[Saved entries]
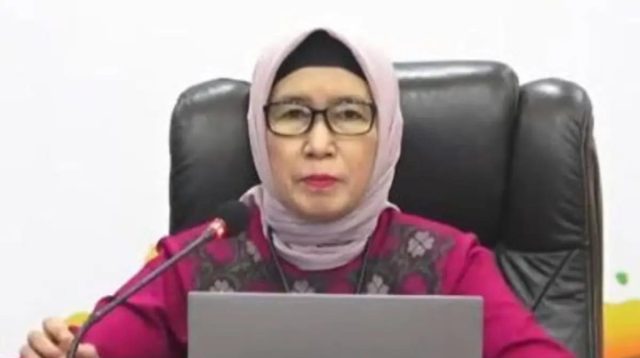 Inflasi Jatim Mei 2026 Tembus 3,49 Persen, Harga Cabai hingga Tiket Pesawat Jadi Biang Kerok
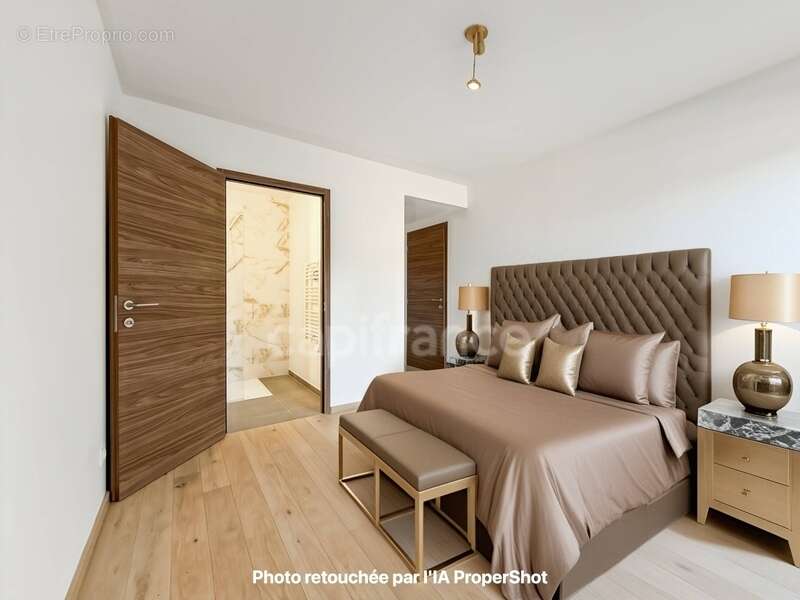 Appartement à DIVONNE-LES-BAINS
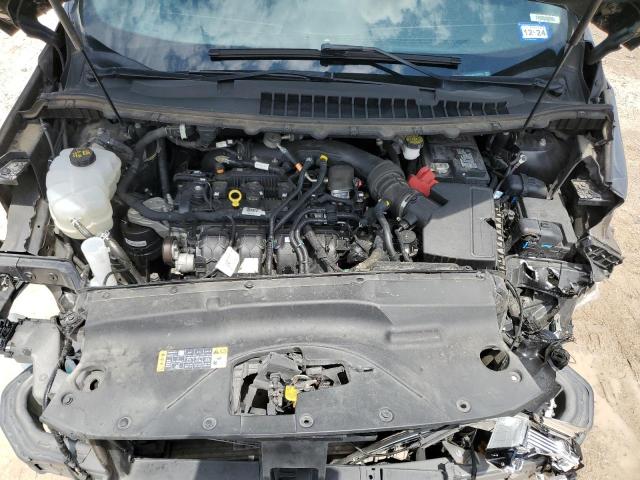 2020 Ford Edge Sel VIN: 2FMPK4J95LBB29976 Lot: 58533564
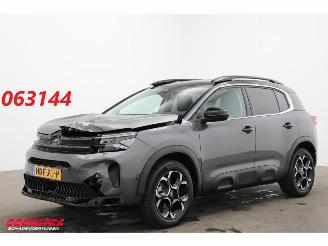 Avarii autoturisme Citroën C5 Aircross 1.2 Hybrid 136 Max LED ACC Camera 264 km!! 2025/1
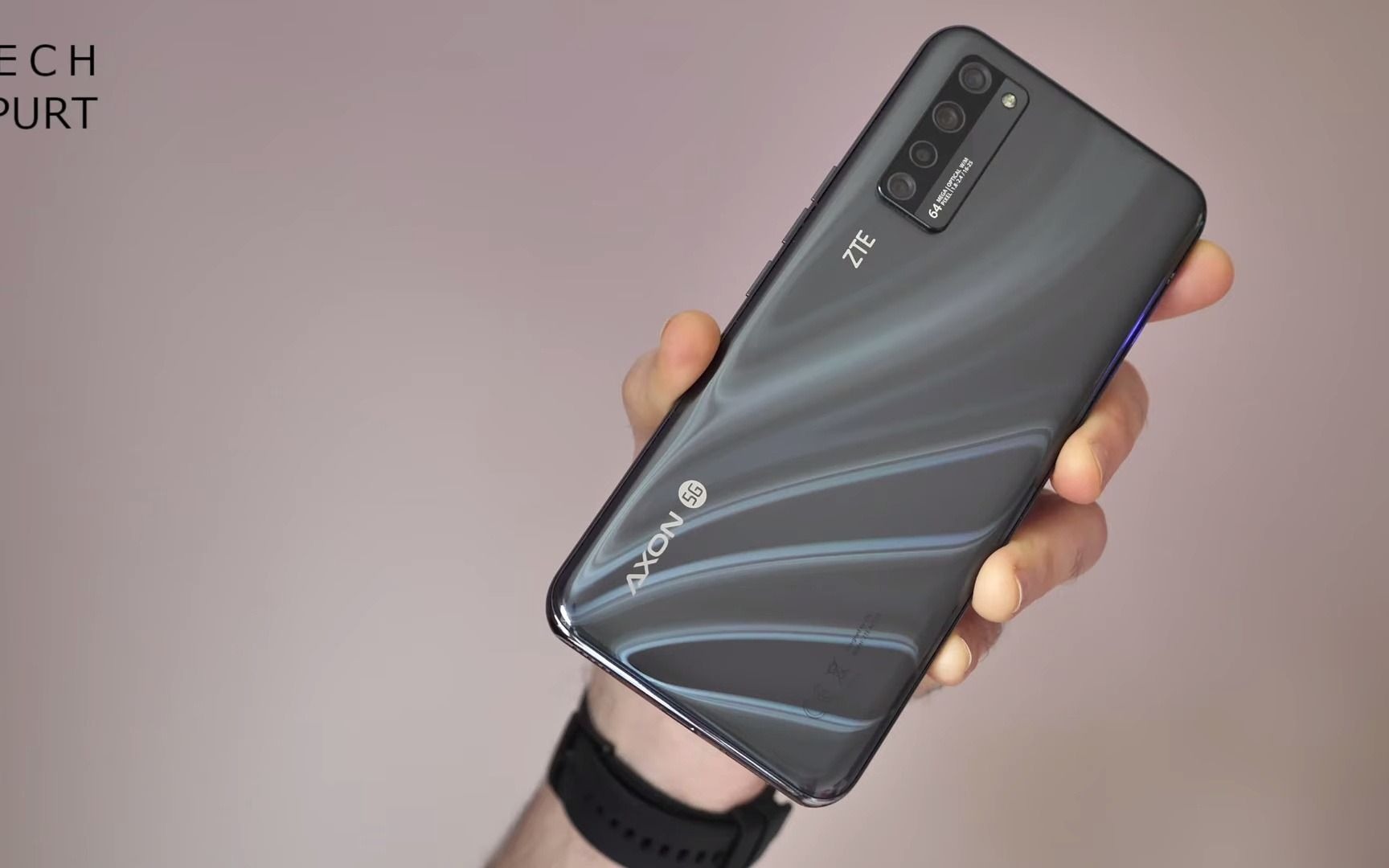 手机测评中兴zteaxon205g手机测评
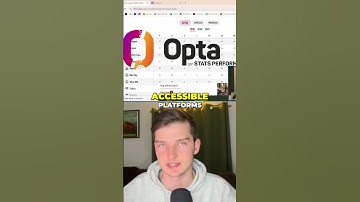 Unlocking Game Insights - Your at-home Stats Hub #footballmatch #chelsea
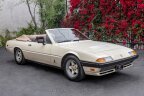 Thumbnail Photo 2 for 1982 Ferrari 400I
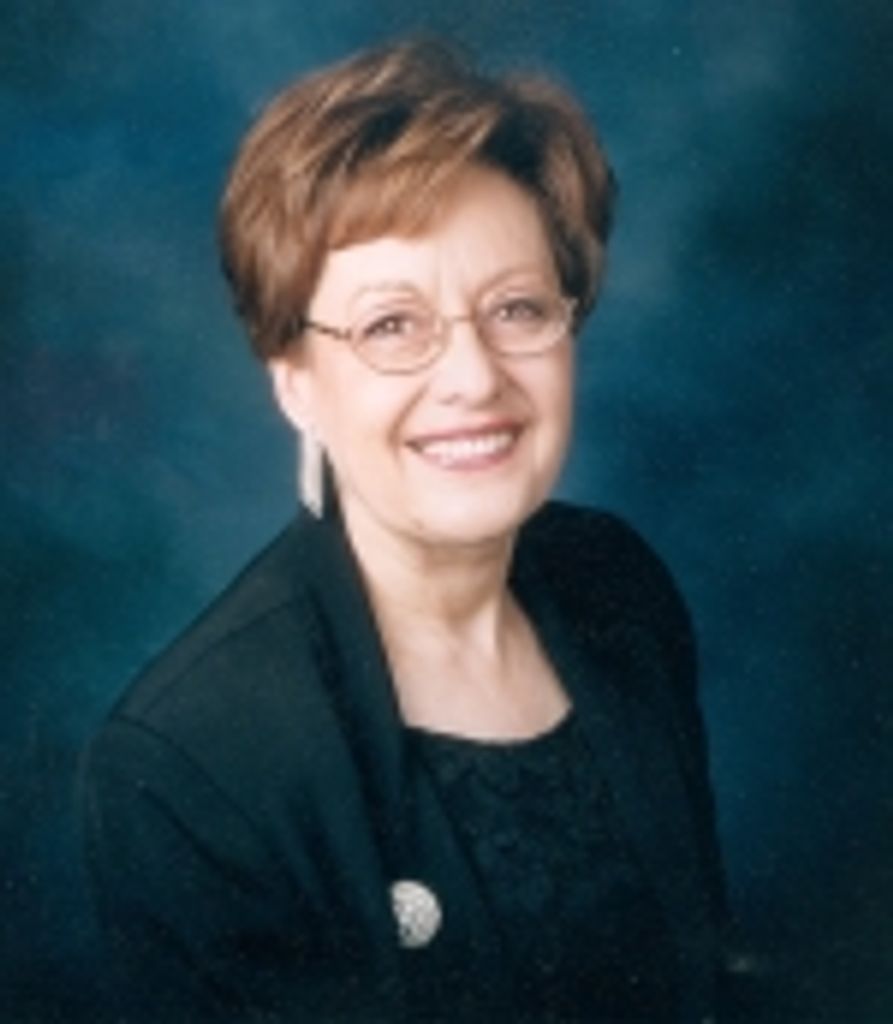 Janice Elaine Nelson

> [EXERCISE DETAILS] Restate word for word the lines that begin at the one containing "Thumbnail Photo 2 for 1982 Ferrari 400I" and end with the final line of the records. Pictures stay out.

> [RESPONSE BOX]
 Thumbnail Photo 2 for 1982 Ferrari 400I
 Janice Elaine Nelson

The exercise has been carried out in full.